Sigh. And this is probably the right way to do it. Spec is at https://www.w3.org/TR/cors. As I am old-school, I will need a printer and my reading glasses.


Well, it looks like CORS just plain doesn’t do redirects when life becomes complex. Section 7.1.4 (simple request) has explicit handling of redirects. Section 7.1.5 (cross-origin with preflight) states that either in the preflight step or the actual request step, if the response code is anything outside the 2XX range, then error.
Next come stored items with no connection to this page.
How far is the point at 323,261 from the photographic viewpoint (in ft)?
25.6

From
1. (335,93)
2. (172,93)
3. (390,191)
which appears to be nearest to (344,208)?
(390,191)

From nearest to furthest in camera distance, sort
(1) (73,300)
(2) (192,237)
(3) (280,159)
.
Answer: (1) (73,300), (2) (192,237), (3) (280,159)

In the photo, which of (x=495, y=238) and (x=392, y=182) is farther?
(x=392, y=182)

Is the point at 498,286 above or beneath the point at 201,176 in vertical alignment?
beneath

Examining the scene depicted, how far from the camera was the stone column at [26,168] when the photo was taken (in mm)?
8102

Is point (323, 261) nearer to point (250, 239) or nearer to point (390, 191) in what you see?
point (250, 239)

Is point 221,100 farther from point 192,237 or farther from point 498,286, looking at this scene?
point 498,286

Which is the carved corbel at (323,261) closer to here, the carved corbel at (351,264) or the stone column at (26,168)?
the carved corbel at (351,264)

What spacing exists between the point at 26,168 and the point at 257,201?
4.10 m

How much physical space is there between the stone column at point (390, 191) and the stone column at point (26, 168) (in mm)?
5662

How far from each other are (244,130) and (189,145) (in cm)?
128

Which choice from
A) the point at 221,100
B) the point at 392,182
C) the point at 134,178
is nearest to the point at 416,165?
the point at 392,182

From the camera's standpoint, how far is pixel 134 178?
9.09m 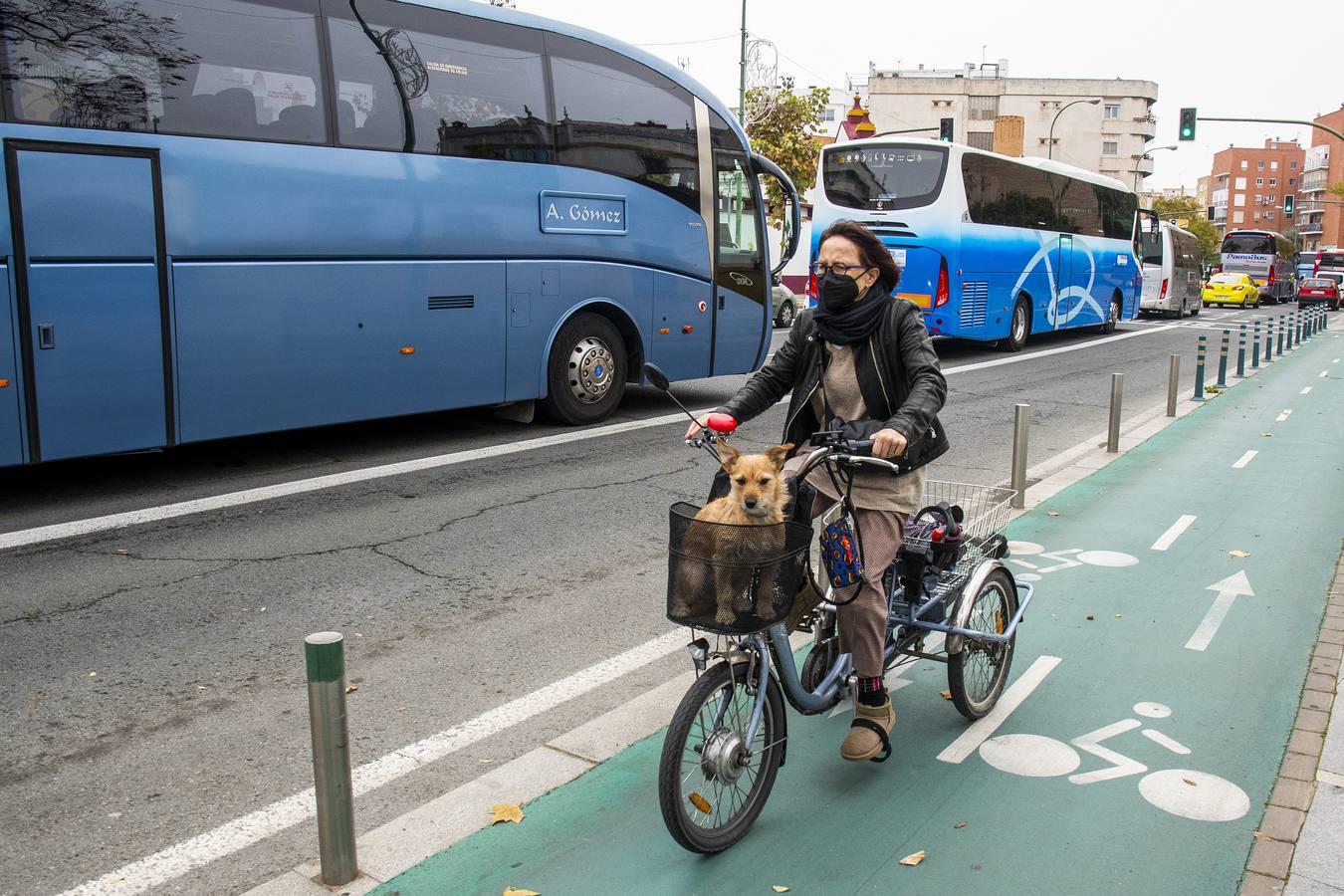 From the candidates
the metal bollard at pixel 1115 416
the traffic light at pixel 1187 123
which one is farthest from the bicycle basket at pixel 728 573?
the traffic light at pixel 1187 123

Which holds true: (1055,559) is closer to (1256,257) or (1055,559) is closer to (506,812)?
(506,812)

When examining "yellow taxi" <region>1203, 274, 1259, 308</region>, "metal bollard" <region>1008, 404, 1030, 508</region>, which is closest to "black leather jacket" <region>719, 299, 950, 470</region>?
"metal bollard" <region>1008, 404, 1030, 508</region>

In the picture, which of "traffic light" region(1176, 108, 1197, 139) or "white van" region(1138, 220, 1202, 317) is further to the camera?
"white van" region(1138, 220, 1202, 317)

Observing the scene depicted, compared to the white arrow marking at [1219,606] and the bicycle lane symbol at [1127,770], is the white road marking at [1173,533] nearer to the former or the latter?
the white arrow marking at [1219,606]

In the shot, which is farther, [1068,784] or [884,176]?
[884,176]

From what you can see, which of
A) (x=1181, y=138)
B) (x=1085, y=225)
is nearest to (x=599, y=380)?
(x=1085, y=225)

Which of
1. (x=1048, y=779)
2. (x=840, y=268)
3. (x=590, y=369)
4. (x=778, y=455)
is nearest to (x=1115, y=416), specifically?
(x=590, y=369)

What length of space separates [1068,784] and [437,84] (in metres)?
7.83

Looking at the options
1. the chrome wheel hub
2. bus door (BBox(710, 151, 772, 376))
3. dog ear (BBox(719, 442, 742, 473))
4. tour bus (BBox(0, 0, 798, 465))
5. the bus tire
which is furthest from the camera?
the bus tire

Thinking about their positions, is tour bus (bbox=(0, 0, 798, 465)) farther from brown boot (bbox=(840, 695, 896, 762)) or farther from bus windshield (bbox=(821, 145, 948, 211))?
bus windshield (bbox=(821, 145, 948, 211))

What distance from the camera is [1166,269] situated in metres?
36.4

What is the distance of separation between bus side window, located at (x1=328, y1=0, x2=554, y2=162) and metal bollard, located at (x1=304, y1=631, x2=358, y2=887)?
269 inches

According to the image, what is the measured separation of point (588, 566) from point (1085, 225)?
21.6 m

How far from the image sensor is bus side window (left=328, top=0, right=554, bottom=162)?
9.07 metres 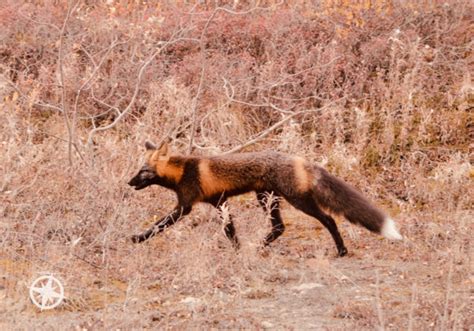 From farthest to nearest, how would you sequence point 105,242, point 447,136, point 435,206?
1. point 447,136
2. point 435,206
3. point 105,242

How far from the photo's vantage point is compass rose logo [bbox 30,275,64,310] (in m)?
5.96

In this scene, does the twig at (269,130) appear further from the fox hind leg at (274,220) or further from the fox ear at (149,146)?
the fox hind leg at (274,220)

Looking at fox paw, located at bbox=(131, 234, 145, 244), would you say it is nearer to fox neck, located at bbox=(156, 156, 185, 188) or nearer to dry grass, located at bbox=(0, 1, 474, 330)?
dry grass, located at bbox=(0, 1, 474, 330)

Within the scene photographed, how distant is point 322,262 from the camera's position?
22.2 ft

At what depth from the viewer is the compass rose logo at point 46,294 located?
5.96 m

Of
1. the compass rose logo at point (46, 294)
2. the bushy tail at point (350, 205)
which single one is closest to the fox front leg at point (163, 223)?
the bushy tail at point (350, 205)

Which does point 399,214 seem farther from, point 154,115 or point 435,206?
point 154,115

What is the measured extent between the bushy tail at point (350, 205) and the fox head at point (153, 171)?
1.61 metres

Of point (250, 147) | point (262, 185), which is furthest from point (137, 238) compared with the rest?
point (250, 147)

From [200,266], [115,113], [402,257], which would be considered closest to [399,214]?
[402,257]

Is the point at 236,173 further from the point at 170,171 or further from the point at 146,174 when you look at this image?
the point at 146,174

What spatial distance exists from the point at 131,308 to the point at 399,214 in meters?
3.77

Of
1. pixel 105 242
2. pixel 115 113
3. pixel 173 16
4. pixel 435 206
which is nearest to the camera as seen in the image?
pixel 105 242

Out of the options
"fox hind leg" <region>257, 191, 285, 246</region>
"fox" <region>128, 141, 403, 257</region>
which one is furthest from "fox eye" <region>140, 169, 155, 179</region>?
"fox hind leg" <region>257, 191, 285, 246</region> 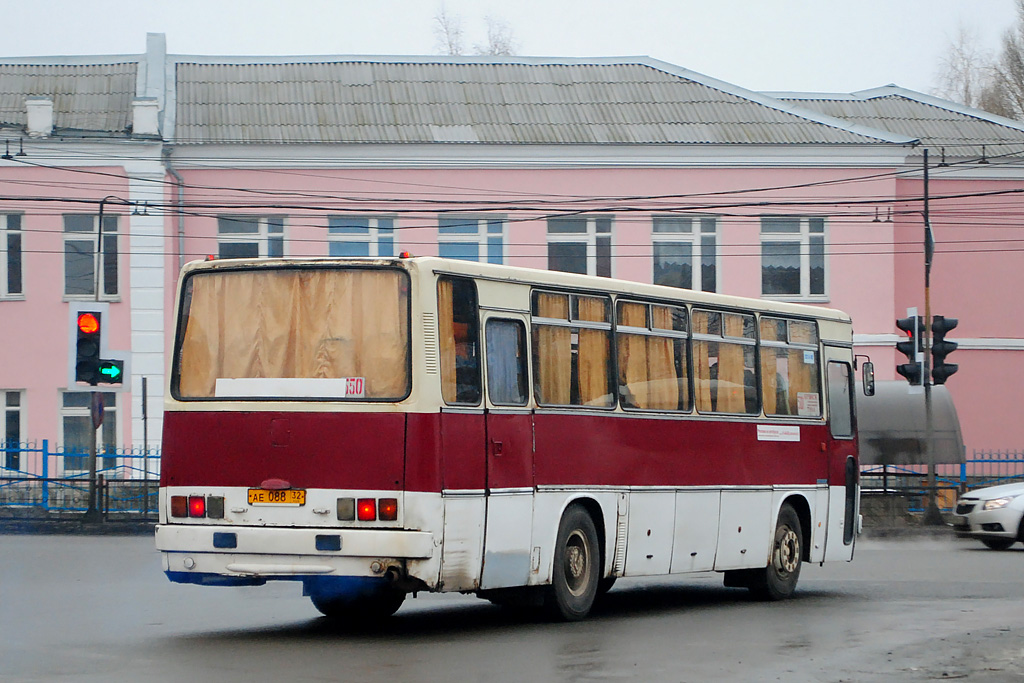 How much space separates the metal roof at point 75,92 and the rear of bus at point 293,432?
75.8ft

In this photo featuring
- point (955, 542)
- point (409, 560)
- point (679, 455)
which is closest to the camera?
point (409, 560)

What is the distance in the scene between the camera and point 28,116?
3388cm

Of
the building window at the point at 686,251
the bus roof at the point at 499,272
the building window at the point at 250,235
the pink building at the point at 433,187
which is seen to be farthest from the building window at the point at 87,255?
the bus roof at the point at 499,272

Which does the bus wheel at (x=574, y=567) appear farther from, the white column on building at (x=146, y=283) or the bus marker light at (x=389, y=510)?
the white column on building at (x=146, y=283)

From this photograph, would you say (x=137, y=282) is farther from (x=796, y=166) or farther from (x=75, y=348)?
(x=796, y=166)

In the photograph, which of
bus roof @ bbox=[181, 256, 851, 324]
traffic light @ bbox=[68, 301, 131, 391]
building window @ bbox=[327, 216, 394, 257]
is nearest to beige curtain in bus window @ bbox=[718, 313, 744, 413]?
bus roof @ bbox=[181, 256, 851, 324]

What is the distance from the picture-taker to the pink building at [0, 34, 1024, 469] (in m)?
34.3

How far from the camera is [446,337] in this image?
11938 millimetres

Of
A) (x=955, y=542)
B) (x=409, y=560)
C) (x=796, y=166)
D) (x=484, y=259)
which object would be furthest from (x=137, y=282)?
(x=409, y=560)

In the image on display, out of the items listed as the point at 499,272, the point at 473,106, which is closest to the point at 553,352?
the point at 499,272

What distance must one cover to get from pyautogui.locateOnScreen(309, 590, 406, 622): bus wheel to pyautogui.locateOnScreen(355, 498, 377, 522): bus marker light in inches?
75.6

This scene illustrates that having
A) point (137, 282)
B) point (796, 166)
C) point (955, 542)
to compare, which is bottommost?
point (955, 542)

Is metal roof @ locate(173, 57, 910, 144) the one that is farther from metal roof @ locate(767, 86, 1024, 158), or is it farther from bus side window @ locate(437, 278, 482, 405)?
bus side window @ locate(437, 278, 482, 405)

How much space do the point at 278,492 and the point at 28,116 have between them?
2442 cm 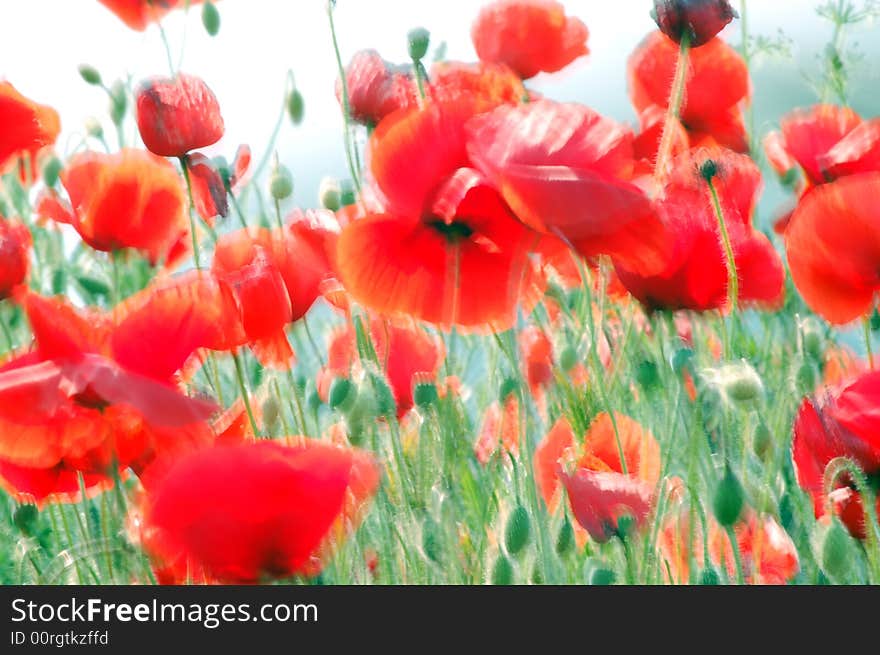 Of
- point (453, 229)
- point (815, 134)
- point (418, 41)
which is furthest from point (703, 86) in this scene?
point (453, 229)

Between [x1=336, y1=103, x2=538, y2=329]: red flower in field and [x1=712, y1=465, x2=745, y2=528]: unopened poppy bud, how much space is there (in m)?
0.13

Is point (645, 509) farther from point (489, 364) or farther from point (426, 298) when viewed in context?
point (489, 364)

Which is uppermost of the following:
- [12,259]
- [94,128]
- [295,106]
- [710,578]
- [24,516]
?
[94,128]

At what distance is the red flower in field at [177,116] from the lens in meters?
0.73

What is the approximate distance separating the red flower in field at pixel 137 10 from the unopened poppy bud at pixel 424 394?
399 millimetres

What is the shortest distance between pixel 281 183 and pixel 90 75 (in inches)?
14.7

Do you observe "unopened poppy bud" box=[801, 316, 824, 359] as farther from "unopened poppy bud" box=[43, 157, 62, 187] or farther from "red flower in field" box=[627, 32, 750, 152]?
"unopened poppy bud" box=[43, 157, 62, 187]

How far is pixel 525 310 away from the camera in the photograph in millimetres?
626

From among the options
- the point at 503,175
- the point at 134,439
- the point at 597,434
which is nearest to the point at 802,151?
the point at 597,434

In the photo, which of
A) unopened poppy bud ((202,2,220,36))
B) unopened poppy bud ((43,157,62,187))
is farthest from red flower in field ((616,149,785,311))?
unopened poppy bud ((43,157,62,187))

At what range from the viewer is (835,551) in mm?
547

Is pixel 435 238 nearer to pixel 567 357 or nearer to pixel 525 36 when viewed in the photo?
pixel 567 357

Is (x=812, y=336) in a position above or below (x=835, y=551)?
above

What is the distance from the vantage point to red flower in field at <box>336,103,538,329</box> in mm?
539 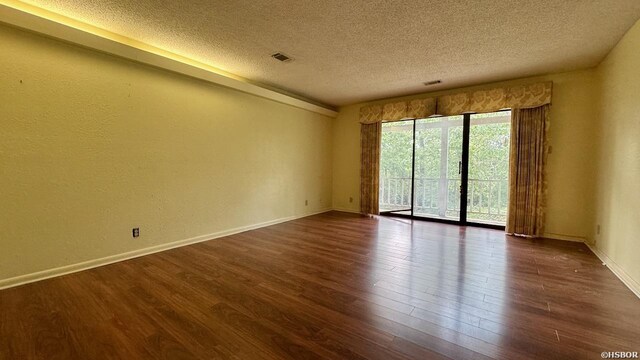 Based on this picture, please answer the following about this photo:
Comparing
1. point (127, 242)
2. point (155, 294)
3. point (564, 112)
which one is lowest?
point (155, 294)

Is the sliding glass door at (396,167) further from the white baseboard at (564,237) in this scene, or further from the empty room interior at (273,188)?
the white baseboard at (564,237)

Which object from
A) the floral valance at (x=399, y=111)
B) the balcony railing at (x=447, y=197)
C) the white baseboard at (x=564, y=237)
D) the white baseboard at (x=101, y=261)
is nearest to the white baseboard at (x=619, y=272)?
the white baseboard at (x=564, y=237)

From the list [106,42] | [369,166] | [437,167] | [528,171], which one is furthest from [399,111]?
[106,42]

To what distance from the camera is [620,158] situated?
109 inches

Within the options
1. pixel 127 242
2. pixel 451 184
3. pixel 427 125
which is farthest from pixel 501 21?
pixel 127 242

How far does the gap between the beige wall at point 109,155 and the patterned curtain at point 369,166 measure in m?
2.29

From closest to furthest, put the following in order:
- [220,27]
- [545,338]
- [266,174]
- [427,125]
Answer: [545,338]
[220,27]
[266,174]
[427,125]

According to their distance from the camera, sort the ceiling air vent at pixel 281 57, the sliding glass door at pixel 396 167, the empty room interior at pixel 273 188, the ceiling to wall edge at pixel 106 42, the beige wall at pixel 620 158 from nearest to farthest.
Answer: the empty room interior at pixel 273 188, the ceiling to wall edge at pixel 106 42, the beige wall at pixel 620 158, the ceiling air vent at pixel 281 57, the sliding glass door at pixel 396 167

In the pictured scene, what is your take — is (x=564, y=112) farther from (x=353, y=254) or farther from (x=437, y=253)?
(x=353, y=254)

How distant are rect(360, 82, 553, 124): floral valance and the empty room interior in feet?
0.11

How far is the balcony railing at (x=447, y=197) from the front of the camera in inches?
206

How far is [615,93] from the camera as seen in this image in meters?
2.96

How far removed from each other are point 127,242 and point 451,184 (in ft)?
18.9

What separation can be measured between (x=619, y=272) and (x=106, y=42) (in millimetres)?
5564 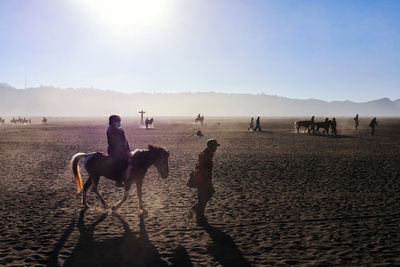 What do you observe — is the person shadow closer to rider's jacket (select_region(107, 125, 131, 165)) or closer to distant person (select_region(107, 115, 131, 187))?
distant person (select_region(107, 115, 131, 187))

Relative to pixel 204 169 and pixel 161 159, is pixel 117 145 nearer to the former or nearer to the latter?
pixel 161 159

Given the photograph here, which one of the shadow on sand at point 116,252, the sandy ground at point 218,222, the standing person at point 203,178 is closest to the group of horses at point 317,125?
the sandy ground at point 218,222

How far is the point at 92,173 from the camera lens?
8.54 meters

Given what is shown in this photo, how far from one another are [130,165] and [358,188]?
7.58 metres

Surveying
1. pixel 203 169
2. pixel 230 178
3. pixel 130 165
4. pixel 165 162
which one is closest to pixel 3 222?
pixel 130 165

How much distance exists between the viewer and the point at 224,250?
608 cm

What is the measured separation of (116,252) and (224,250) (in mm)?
1894

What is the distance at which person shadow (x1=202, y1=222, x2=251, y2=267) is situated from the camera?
564 centimetres

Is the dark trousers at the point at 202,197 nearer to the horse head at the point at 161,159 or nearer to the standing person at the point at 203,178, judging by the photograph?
the standing person at the point at 203,178

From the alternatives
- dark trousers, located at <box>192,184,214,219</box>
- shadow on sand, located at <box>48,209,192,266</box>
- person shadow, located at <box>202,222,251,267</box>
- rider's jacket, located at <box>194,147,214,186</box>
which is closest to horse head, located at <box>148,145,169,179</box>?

I suppose it’s an application’s job to know what servers it’s talking to and which need passwords, so option 2 (if it’s an edit, then include the password) becomes reasonable.

I’ll roll back my mods to the mapper, whip out the code on the andgular $http.request hook, and have the controllers explicitly include the JWT for those JSON requests that are edits.

Putting out fires

December 22, 2015

For anyone that cares, this is what our crashes look like.

TOP 20 url times are:
39432223* Safari/601.3.9, search/names?&search=true&keyword=S%25%25%25
39371188* Safari/601.3.9, search/names?&search=true&keyword=S%25%25%25
39310161* Safari/601.3.9, search/names?&search=true&keyword=S%25%25%25
39300736* Safari/601.3.9, search/names?&search=true&keyword=S%25
39041255* Safari/537.36, taxa/LYCAENIDAE/complete
38945840* Safari/537.36, taxa/LYCAENIDAE/complete
38930099* Applebot, taxa/Gymnothorax_pictus/checklist
6006648* Safari/537.36, taxa/LYCAENIDAE/complete
5975658* Safari/537.36, taxa/LYCAENIDAE/complete
5914978* Safari/537.36, taxa/LYCAENIDAE/complete
5914961* Baiduspider/2.0, taxa/Talaurinus_prypnoides/checklist
5863731* Baiduspider/2.0, taxa/Platyzosteria_jungi/checklist
5838122* Baiduspider/2.0, taxa/Pterohelaeus_litigiosus/checklist
5643696 Applebot/0.1, taxa/Eulecanium/checklist
5582189 Applebot, taxa/0c1c84ef-4ad1-403f-a7f7-f45447a0372a
5527142 Yahoo! Slurp, taxa/908440b7-da2f-4840-a81f-b5b3b5a2c14e
5487277 Baiduspider, taxa/Ropalidia_plebeiana/statistics
5430266 Yahoo! Slurp, taxa/Eumelea%20duponchelii
5025511* Baiduspider/2.0, taxa/Pseudostrongyluris_polychrus/statistics
4967732 Firefox/24.0, taxa/Siganus/checklist

java.lang.OutOfMemoryError: GC overhead limit exceeded 

The numbers on the left are the request duration in milliseconds. An asterisk indicates that the request is still ongoing. As you can see, these requests are taking 10 hours to return. Obviously, I need some sort of watchdog to interrupt threads.

The entries are sorted in order of duration, so the oldest requests are sorted to the top. This tells the story. Someone, whose IP address I am not repeating here, searched for ‘S%%%’. Then went “hmm, it’s not coming back”, they hit the search button twice more, then got rid of the extra percentage signs and just searched for ‘S%’. And then, I suppose, concluded that AFD “doesn’t work” and went away.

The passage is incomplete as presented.